まぁ、マンガの世界とこっちの世界を出たり入ったりするという感じかなー、と。越前さんがマンガ家になるタイミングとしては第9回あたりじゃないかと想像。これは劇中に出てくる矢東薫子全集が8巻までなので、「その先」を継ぐとしたら「9巻」になるので。で、消息不明とされていた矢東薫子がそのように復活して広く読まれることで、矢口さん(=矢東薫子)も救われることになるんじゃないかなー、と。




【はらちゃんが人間になるのか、ならないのか】


はらちゃんがピノキオ的に人間そのものになってしまうことはないような気がします。これはまったくもってわたしの個人的な考えですが、そもそも、あのマンガの世界のモチーフに、The Twilight Zone の Five Characters in Search of an Exit があるような気がするもので。
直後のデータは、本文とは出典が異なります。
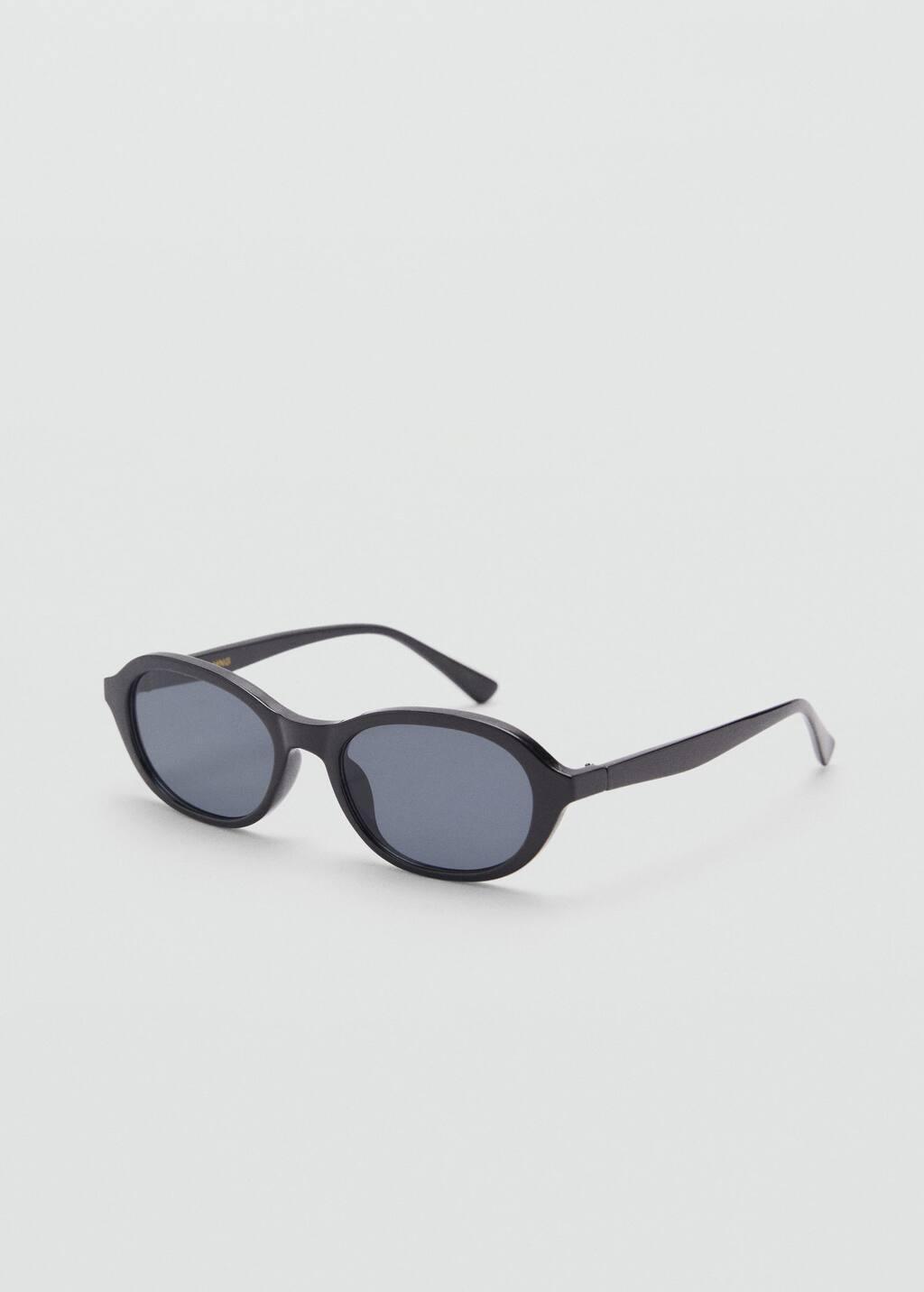 Black Oval Frame Sunglasses, Black, large image number 0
英語のみで恐縮なんですが、ま、簡単に言いますとある閉じた世界にいる「5人」のお話。「5人」と言うのは、はらちゃんのマンガ世界に出てくる人数と同じです。男性4人、女性1人という人数構成も同じ。はらちゃんに当たるのが、この作品では「外」に出ようとする major ですね。


そこがどこなのか、自分たちが誰なのか、何もわからない。そんな葛藤を描きつつ、ようやく「外」に出た major が見たのは・・・まぁ、これはネタバレになってしまうのですが、それを書かないと説明にならないので書いてしまいますが、これは実は箱のなかにいる人形たちなんですね。すんごいシュールな話なんです。でも、最後のナレーションできちんと救いが与えられています。


But this added, hopeful note: perhaps they are unloved only for a moment. In the arms of children, there can be nothing but love.


でも、最後にはそんな人形たちも子供たちに抱かれて幸せになるだろう、と。これを「泣くな、はらちゃん」に当て嵌めて考えると、長いこと忘れられていた矢東薫子のマンガが再び世に出ることになるかなー、と。もちろん、これはわたしの勝手な希望的観測なんですけどね。すんません。




【ユキ姉】


さて、エンディングのアニメーションでもうひとつ気になることがあります。それはキャストの表示順。ドラマや映画のキャストは最後のほうに大物俳優や物語の重要な人物を演じている俳優さんが並びます。「泣くな、はらちゃん」の場合だと・・・


光石研

奥貫薫

白石加代子

薬師丸ひろ子


・・・という順番になっています。薬師丸ひろ子が最後になっているのは、これはもう矢東薫子であるからだと思います。白石加代子は大物俳優としてのクレジットですかね。まぁ、そこまではわかるんですが、気になるのは・・・















やはり、この光石研(玉田工場長)、奥貫薫(ユキ姉)の並び。ユキ姉はこのドラマの重要キャラクターで、以前に「外の世界」に行ったことがあります。したがって、マンガ世界の住人のなかでユキ姉だけが違う反応を見せることも多いですし、ユキ姉も矢口さんと同じように「この世界がマンガである」ということについては、はらちゃんに対してはぐらかしてるんですよね。ただし、「外の世界」に行ったときの出来事はまだ語られていません。(第4回の時点で)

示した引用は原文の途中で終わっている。